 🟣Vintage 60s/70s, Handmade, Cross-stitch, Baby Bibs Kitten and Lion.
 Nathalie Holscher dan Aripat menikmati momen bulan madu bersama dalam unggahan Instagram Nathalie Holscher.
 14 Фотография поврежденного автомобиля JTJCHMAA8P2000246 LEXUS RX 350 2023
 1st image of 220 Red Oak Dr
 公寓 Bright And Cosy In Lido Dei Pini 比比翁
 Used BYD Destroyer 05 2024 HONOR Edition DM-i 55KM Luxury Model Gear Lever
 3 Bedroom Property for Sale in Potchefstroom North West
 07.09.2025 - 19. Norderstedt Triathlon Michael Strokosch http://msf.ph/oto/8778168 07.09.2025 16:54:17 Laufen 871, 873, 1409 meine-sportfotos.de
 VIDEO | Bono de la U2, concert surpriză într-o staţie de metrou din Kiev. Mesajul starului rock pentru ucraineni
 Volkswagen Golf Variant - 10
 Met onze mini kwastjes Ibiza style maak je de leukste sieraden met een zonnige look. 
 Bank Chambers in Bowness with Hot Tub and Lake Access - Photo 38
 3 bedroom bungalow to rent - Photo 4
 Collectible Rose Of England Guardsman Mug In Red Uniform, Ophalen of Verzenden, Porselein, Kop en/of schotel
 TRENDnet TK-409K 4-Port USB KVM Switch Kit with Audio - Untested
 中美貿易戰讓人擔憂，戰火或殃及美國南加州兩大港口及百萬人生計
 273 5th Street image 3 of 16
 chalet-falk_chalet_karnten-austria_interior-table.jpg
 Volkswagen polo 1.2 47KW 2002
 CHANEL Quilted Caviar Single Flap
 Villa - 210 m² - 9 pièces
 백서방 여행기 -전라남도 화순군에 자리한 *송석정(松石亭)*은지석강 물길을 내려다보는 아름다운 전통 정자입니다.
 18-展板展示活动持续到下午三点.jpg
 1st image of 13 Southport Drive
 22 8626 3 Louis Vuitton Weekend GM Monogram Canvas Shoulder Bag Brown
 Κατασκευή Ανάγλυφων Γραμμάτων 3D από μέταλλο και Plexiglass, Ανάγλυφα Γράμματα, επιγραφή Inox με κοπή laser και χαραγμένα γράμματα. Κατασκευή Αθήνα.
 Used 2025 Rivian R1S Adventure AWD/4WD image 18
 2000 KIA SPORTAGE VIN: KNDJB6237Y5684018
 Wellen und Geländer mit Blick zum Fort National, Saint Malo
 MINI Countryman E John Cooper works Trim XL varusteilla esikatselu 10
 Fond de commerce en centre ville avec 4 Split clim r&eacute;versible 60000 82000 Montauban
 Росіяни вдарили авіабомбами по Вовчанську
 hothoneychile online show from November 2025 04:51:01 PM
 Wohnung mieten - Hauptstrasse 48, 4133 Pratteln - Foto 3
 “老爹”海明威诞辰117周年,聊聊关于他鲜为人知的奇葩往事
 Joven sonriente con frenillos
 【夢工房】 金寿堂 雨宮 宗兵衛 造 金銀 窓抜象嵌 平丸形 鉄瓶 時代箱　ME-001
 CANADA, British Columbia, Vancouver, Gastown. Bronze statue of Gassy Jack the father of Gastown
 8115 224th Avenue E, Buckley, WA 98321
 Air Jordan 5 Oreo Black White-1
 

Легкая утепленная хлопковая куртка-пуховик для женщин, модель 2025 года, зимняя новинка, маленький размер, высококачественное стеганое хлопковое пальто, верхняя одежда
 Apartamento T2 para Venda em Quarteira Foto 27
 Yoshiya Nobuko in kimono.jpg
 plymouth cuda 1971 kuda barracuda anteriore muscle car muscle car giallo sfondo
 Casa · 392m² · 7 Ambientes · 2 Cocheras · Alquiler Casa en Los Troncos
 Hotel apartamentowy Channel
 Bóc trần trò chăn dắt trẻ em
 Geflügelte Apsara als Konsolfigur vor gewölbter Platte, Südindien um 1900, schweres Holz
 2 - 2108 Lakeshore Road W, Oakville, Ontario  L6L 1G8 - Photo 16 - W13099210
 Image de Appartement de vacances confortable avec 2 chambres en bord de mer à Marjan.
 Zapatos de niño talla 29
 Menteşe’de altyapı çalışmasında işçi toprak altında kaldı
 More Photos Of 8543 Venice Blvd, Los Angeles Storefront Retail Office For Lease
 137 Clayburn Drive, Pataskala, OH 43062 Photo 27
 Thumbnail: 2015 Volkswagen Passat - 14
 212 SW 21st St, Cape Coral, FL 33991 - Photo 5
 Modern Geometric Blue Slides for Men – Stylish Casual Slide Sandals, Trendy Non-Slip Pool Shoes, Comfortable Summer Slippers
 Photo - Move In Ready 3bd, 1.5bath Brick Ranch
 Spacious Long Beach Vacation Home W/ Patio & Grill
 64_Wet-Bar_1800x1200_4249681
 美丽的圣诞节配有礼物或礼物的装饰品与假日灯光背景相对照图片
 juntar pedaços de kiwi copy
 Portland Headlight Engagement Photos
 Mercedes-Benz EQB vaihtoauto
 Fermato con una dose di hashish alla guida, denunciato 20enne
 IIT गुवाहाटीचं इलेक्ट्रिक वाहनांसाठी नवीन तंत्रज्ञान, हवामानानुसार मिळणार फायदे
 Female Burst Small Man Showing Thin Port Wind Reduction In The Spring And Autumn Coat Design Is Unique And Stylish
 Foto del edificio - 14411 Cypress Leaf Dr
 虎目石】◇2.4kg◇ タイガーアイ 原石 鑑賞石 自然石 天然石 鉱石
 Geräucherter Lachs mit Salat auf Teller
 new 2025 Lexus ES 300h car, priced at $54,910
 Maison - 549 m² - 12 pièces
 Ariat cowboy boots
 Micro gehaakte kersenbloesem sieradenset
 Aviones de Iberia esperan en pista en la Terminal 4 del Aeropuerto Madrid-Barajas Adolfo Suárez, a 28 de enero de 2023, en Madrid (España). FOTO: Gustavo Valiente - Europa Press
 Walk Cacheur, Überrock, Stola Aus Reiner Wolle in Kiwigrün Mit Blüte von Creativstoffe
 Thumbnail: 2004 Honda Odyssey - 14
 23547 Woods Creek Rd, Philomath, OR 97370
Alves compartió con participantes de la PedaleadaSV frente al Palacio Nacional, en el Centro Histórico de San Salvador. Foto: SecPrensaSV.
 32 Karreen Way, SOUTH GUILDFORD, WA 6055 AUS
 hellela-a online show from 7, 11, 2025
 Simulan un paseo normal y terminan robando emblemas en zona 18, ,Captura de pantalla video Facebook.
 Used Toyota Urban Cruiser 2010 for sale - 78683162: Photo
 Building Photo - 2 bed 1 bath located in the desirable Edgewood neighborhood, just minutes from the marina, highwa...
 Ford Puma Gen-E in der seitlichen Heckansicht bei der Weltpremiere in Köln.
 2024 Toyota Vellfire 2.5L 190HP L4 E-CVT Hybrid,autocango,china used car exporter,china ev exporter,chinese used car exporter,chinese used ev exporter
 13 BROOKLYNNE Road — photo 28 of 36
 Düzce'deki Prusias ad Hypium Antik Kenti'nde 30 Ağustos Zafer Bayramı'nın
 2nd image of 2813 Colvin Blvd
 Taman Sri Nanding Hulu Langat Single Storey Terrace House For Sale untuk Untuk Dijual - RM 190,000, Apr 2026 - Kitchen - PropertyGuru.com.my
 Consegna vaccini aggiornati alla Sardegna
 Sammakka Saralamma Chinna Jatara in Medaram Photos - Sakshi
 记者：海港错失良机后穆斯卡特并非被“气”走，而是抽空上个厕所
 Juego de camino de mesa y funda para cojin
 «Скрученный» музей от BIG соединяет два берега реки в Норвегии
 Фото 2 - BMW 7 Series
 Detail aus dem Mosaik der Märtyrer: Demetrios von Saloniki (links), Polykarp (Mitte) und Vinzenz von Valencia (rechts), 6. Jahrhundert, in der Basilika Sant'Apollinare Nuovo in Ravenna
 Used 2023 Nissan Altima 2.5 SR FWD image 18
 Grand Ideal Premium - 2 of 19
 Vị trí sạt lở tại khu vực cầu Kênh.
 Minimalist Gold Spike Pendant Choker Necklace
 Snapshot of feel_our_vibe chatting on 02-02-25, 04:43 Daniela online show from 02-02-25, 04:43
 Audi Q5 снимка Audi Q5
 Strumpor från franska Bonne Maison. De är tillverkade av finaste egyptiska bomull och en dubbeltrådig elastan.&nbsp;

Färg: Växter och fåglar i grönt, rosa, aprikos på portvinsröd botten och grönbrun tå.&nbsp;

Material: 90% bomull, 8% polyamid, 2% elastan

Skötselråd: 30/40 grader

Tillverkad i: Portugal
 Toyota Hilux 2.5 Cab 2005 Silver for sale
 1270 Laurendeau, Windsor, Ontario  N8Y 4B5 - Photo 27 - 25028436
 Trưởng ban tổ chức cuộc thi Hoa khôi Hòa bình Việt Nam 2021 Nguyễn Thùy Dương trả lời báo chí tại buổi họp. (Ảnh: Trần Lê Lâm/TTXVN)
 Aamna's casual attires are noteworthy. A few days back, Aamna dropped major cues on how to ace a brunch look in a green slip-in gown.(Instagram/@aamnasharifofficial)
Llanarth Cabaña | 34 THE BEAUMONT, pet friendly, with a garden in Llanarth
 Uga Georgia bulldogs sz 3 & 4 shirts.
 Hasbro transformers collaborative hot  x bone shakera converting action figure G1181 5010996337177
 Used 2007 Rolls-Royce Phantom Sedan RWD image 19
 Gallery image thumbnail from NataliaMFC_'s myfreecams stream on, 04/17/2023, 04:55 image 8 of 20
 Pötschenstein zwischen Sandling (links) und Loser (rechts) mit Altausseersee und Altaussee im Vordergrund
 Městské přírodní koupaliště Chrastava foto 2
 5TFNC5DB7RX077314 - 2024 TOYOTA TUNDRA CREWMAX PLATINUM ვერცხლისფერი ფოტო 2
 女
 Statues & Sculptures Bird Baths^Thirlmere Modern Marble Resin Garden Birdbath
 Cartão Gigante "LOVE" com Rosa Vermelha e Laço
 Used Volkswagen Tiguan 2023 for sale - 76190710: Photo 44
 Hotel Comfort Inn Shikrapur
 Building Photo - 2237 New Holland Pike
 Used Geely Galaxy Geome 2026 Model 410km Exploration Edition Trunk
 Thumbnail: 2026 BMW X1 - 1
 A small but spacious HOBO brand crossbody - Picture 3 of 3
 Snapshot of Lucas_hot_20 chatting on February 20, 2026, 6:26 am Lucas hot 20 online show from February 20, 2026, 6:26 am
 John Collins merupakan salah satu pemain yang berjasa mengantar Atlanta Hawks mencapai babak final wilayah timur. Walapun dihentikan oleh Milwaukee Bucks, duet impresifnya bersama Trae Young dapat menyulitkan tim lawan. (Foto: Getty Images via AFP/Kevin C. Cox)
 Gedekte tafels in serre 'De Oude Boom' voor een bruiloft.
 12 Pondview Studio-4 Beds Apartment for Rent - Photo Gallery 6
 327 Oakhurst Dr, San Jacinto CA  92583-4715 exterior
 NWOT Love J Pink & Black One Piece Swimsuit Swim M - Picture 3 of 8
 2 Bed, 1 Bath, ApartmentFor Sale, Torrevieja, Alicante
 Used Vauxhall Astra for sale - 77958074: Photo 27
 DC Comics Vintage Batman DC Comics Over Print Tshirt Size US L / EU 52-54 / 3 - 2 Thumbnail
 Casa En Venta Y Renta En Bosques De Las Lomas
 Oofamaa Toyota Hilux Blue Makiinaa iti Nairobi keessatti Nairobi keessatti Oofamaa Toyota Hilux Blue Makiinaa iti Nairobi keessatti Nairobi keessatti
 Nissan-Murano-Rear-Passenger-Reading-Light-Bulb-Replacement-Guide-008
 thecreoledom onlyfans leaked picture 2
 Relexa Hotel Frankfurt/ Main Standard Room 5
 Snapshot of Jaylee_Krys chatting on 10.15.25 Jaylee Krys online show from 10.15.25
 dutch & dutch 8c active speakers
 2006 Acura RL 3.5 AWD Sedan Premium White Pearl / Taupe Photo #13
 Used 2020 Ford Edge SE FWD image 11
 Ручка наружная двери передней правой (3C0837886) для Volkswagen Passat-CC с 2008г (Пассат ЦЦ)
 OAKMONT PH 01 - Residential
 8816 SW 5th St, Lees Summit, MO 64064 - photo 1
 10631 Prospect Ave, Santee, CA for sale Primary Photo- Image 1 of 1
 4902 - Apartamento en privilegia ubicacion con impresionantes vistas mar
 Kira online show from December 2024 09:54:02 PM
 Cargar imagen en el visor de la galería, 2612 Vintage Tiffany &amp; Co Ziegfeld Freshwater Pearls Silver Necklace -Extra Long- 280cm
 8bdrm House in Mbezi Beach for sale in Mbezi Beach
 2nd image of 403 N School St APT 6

● **Prompt**:
Return exactly the lines above from the line that has "Modern Geometric Blue" through the line that has "juntar pedaços de kiwi copy", inclusive, and nothing else.

● **Exercise output**:
 Modern Geometric Blue Slides for Men – Stylish Casual Slide Sandals, Trendy Non-Slip Pool Shoes, Comfortable Summer Slippers
 Photo - Move In Ready 3bd, 1.5bath Brick Ranch
 Spacious Long Beach Vacation Home W/ Patio & Grill
 64_Wet-Bar_1800x1200_4249681
 美丽的圣诞节配有礼物或礼物的装饰品与假日灯光背景相对照图片
 juntar pedaços de kiwi copy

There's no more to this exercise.